Moreover, the workings of the game are a trade secret anyway, so all of it actively prevented from leaking from the company offices. It then almost inevitable becomes lost, because not all companies have the foresight to preserve a copy for the sake of doing a re-release in 20 years time, if they even care about the legacy of the product at all.

Without the original recipe, you cannot hope to bake exactly the same cake. You can only attempt, by trial and error, to bake a 100 different cakes, until you slowly begin to approximate the result of the original recipe, by comparing your new cake to the one you already have.

Anonymous 0 Comments

None of the answers address “how did Konami lose the source code?” I still want to know the answer to this specific question

Anonymous 0 Comments

If you’re interested in seeing what a good decompiler can do, install the free NSA program called Ghidra and run it over a simple program. In some cases it’s actually pretty readable, but it gets messier the bigger the program gets.

Anonymous 0 Comments

Source code:

int main() {

create_world();

create_player();

create_enemy();

game_loop();

return 0; }

Compiled code (code found in the discs on shelves):

1Dj4KD&*^3la”‘s;2(A)*@#&AD*)LDK

Disassembled (data mined) code (can’t write actual assembly so I’ll just write roughly what it does):

Move object to register one

Jump to line 23

Copy register

And so on.

Now, there’s a lot you can learn from reading disassembled code, and you can find tons of useful information about how a program works, particularly in terms of some of the simpler game logic (oh, hey, this point of the game calls this API) (oh hey, the the game compares these two values here) (oh hey, you could probably exploit this because the integer will overflow…), but it’s of limited value in re-creating the original source code, and you’re basically stuck coding the entire thing from scratch because there’s not that much relation between the disassembled code and the original source code, because often times the code as you see it in the source code will be pretty abstracted from the what the code actually does, in the same way a king might not know a ton about what tunnels a miner goes through to find coal, but he can delegate that the miner does mine coal through his chain of command, and the king might understand the purpose of the mine, and its importance to the political situation of the kingdom.

If you got rid of that chain of command, but somehow had a list of every step a miner took (I walked two steps forward, turned thirty degrees, took five steps forward, stepped to the left, and so on) the King wouldn’t necessarily immediately know how to manage individual miners.

Code is much the same way.

Anonymous 0 Comments

Because there’s nothing to “datamine”, as the source code is not present in the released game.

This happens because the source code was transformed in a process referred to as “compiling”. Seemingly unrelated to what its name suggests, this is a process where the source code is transformed into what’s called *a* binary, made up of machine code (bytes that your computer’s CPU can readily execute) (*).

To get back the source code, this transformation would need to be reversible, which can only happen if it maps things 1:1, but this isn’t like that.
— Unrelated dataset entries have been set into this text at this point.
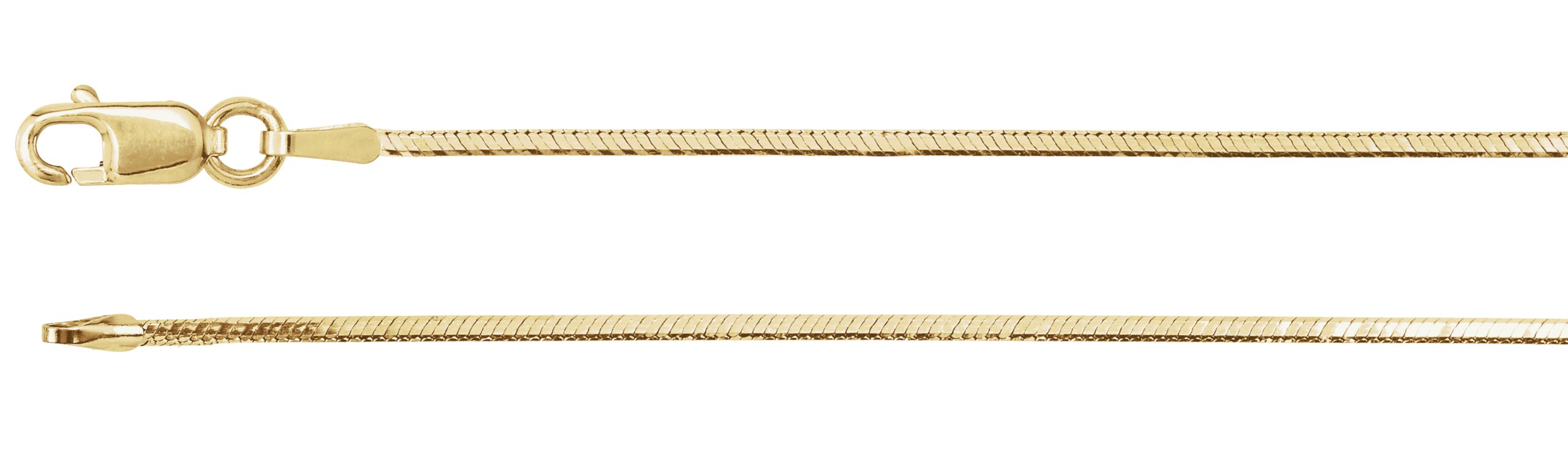 14K Yellow 1 mm Square Diamond-Cut Snake "7" Chain    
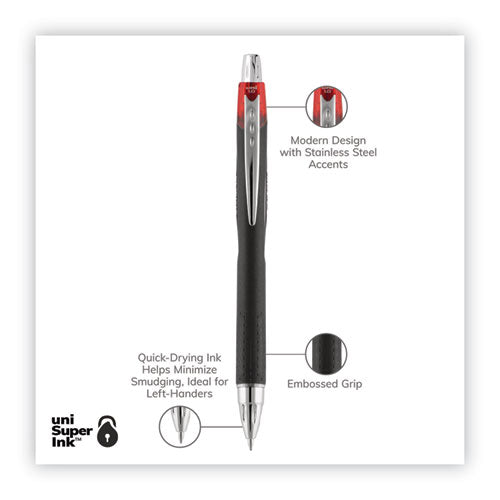 Jetstream Retractable Hybrid Gel Pen, Bold 1 Mm, Red Ink, Black/silver/red Barrel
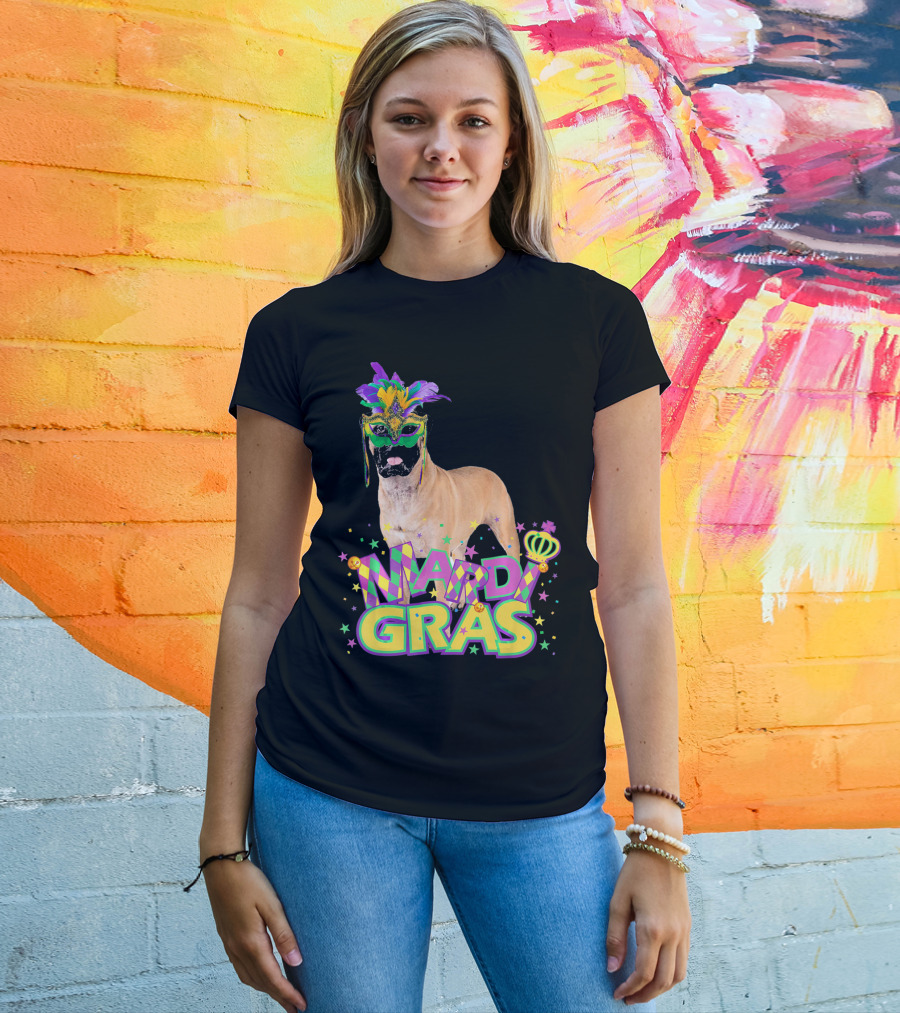 Mardi Gras Bullmastiff Mask Feathers Stars T-Shirt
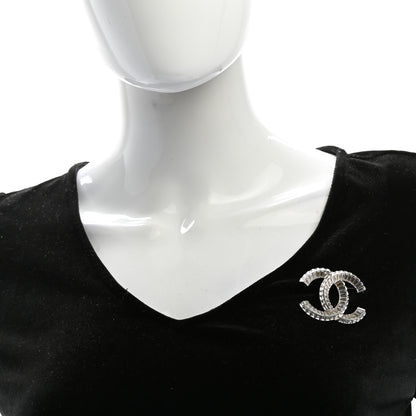 Chanel Baguette Crystal CC Brooch Silver 2 of 5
It’s like addition: 2+4 is 6, but so is 3+3. So no source code for Konami (or anyone else). Not fully automatically anyways.

You can extract an approximate of the source code with software called decompilers, but it has to make a lot of guesses, so the result is still quite far from the actual source code usually, and they might never match completely, only functionally. People need to do what’s called reverse-engineering to slowly beat it back into shape, but that’s still only going to be just a functionally equivalent source code, not necessarily a perfect copy of the original.

And as you may know, time is money. Plus reverse engineering is a rare skill, so that’s also money. Money that apparently Konami didn’t want to spend.

(*) Some would argue that source code -> intermediate code is also compiling, but this is not relevant much.